# Jotul 600 DV



## kvangord (Oct 19, 2010)

I need help! 
My Jotul 600 DV won’t stay lit, it will randomly go out and other times it will work just fine. The stove seems to have a mind of its own, the flame will float off the burner and the stove will go out. The only thing is, when the glass front is removed it will light fine and as soon as the glass is replaced the flame will float out. I understand that this could be a problem with the vent but have no clue what to do. This is the 7th year we have had the stove but it seems to get worse and more temperamental each year. The thing is I have no problems lighting the pilot.  ANY SUGGESTIONS..


----------



## jotulguy (Oct 20, 2010)

How is it vented? it sounds like it is starving for air. Your vent maybe be blocked.


----------



## kvangord (Oct 20, 2010)

6 inch horizontal off the back of the stove, 90 degrees up, 24 inch straight, 90 into existing masonry chimney. I've checked to make sure there is no blockage because thats what the company tech department suggested a few years ago.


----------



## jotulguy (Oct 20, 2010)

Do you have any pics by chance? This seems like a unique install. Any time i hear stove burns with glass off and not with glass on the first thing that comes to mind is lack of combustion air.

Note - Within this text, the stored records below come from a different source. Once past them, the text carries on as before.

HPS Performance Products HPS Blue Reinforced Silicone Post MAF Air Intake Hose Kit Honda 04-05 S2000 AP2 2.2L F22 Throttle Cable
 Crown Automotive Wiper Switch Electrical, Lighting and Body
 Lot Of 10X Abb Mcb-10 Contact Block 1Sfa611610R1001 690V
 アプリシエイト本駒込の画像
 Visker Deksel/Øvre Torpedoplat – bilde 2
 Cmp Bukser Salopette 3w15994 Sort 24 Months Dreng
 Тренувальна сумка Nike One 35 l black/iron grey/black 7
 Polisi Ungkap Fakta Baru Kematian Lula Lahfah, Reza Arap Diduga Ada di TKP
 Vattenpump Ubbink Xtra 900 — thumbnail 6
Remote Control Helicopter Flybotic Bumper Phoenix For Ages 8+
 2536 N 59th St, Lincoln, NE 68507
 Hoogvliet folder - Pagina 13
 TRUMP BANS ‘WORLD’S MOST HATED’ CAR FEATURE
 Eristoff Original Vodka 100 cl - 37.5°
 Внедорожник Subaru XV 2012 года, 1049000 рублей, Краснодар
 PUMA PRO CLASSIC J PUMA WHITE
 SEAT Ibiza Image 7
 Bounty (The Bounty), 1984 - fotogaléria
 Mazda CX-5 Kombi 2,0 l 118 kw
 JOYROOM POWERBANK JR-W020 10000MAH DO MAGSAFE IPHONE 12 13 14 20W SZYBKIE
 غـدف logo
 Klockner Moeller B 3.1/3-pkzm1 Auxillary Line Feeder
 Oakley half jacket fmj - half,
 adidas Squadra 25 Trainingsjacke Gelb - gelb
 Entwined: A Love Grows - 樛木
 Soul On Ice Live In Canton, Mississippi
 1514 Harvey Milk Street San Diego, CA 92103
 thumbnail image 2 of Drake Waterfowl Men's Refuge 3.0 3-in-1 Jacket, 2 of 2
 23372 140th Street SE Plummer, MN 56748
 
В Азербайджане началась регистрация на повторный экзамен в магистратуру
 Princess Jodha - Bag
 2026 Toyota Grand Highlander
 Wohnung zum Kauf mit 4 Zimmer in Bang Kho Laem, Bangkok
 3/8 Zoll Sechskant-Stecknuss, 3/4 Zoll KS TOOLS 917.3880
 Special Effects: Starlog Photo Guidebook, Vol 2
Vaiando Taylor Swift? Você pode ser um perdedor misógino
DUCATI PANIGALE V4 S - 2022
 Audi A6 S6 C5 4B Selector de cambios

Have you ever changed any of the air settings?


----------



## DAKSY (Oct 20, 2010)

Sure sounds like it's starving for O2. 
I'd say you've either got a blockage, or one of your connections 
has come apart, allowing exhaust to re-enter thru the intake.
Did you check to see if the chimney liner is still connected?
Is there a bird's nest or a beehive in the chimney restricting the incoming air?


----------



## kvangord (Oct 20, 2010)

This is, you could say, a unique install. It is connected to an existing chimney hookup. Im not sure what you mean by air settings? Air Shutter? I messed with the air shutter and I have also restrictor plates. Nothing has seemed to work. I know that it is trying to oxygen but no clue where the problem could be. I have taken everything apart and checked all the connections. Everything appears to be fine. I have also checked the chimney and there doesn’t seem to be anything restricting the flow of air. There seems to be a problem with starting when we turn on the rocker switch too, sometimes the crazy thing wont start. I've talked with Jotul tech line and they told me that I have a blockage but its apparent that there is nothing blocking the flow. I've tried attaching a picture but it is too big...if you are interested I could send it through a personal email to you...


----------



## DAKSY (Oct 20, 2010)

kvangord said:
			
		

> This is, you could say, a unique install. It is connected to an existing chimney hookup. Im not sure what you mean by air settings? Air Shutter?
> 
> *There are adjustments  air flow based on the height of your chimney. Check the manual*
> 
> ...


----------



## DAKSY (Oct 23, 2010)

This has a vertical termination, right?
I assume you are connected directly to a liner in the chimney.
If so, that is essentially another 90 degree elbow.
Your install manual tells you that a MAXIMUM of TWO 90 
degree elbows are allowed in a vertical termination.
You need to turn the flue collar to a vertical position & vent off the top. 
You will then have ONLY two 90s in the system.
That install should work extremely well for you...


----------



## kvangord (Oct 23, 2010)

Thanks very much for the input. It looks like I am going to have to take some of these ideas and mess around with the chimney a  bit. I really appreciate the ideas-


----------